Maui has a couple of common nicknames. "The Valley Isle," the most enduring sobriquet, is a reference to Iao Valley, a major visitor attraction in the early 1900s. A more recent moniker is "The Magic Island." Both were devised to promote Maui's tourist industry. And, dating to pre-contact days, there was "Maui No Ka Oi."
For someone who never tires of looking up and out, Maui could be called "Moku Maka Loa," the long-view island. Look up and delight in the play of clouds over the the mountains. Look out and savor the blue expanse of ocean.
Outdoor Maui is a visual feast of colors and contours, a constant reminder of what should be shaping island life, an intimate connection with nature. Indoor Maui is dominated by blind eyes - television and computer screens. They also influence how we look at life by dumping the idiocies of the world into our living rooms or "mobile devices."
A hallmark of traditional island life is awareness - looking around and noting the environment and other individuals in the immediate area. Spending hours immersed in mind-numbing, isolating jabber has been a fact of life for many Mauians since the 1950s.

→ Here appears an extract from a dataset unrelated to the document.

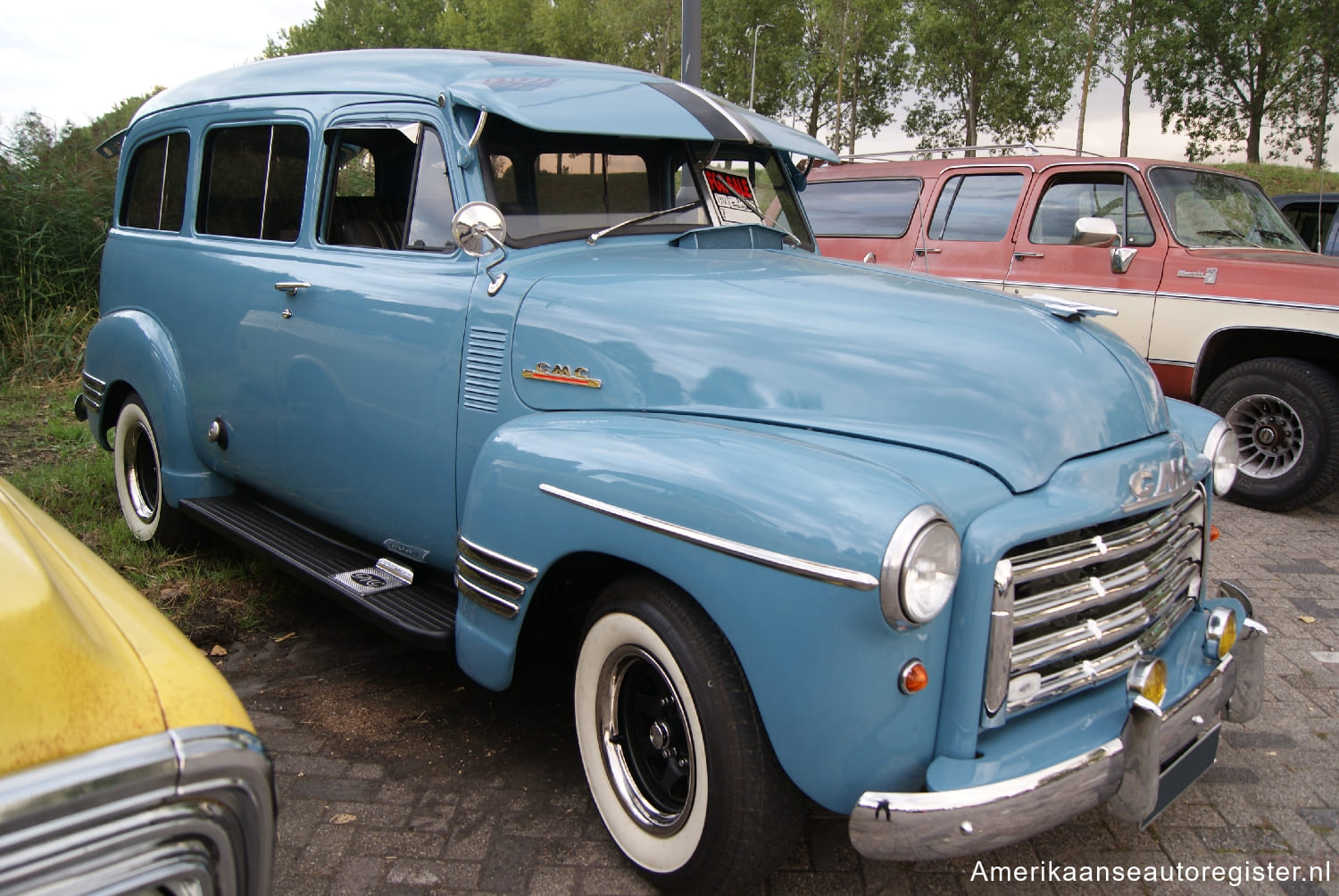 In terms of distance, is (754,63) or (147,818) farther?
(754,63)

The first television sets hunkered down in Kula. Homeowners erected big antennae to drag in signals from Oahu. Undoubtedly, there were those who were fascinated by the snowy, black-and-white pictures, even though it took Mainland programming a couple of weeks to get to the islands via recordings flown over. Watching network Christmas ads well into January lasted into the 1970s.
Maui Publishing Co. put a home-grown television station, KMVI-TV, on the air in 1955, at first for only a few hours a day. For 10 years or so, the station rebroadcast a Honolulu station and produced a few local programs. The first local show was broadcast in 1957.
One of the most notable was emceed by Nora Cooper and featured local entertainers and events such as the last scheduled railroad train between Wailuku and Hamakuapoko. For decades, film recordings of the shows sat on the floor of the old Quonset hut offices of The Maui News. Scripts were long gone but the images survived. I think the reels of film eventually ended up in the hands of the Maui Camera Club.
The Federal Communications Commission eventually forced Maui Publishing to sell its station. It was against the law for one company to dominate a community's media. Maui Pub also owned and operated The Maui News and the island's first radio station, KMVI.
The first Honolulu satellite station, KMAU, went on the air a few months before KMVI-TV. It rebroadcast KITV, an NBC affiliate in Honolulu. Later, KGMB, KHON, KHNL and KITV built their own repeater stations up in Science City. Hawaii Public Television - currently conducting a fund drive - began transmitting on Maui in 1966.
The repeater stations were aimed at Central and West Maui. East Maui was left in the dark. Folks on the Keanae-Hana-Kipahulu side of the island were among the first to tap into personal satellite TV. In those days, it took a huge, yard-dominating dish to pull in signals from a satellite far to the north.
Cable showed up in 1967, the same year the FCC approved the construction of KWHM, a satellite of religious station KWHE in Honolulu. Unlike the other stations, KWHM's transmitter is located in the middle of the cane fields down near Puunene. Cable was installed first in West Maui. Today, most Maui homes pay cable bills. It's rare to see a TV antenna spiking the sky.
The big over-the-air, free television change came in 2009 when Hawaii became the first state to have all of its full-power television stations convert to digital. On Maui, the transmitters were moved from the summit to a location on Ulupalakua Ranch.
Going digital opened up three new broadcast secondary channels but the transmitter change knocked off receptions in some areas. Unlike the old analog transmissions that might be weak and "snowy," digital signals are all or nothing.
TV, computers, tablets and smartphones are all a part of Maui life. Maybe there's need for another nickname, "Maui, The Distracted Island." As Kurt Vonnegut wrote, "And so it goes."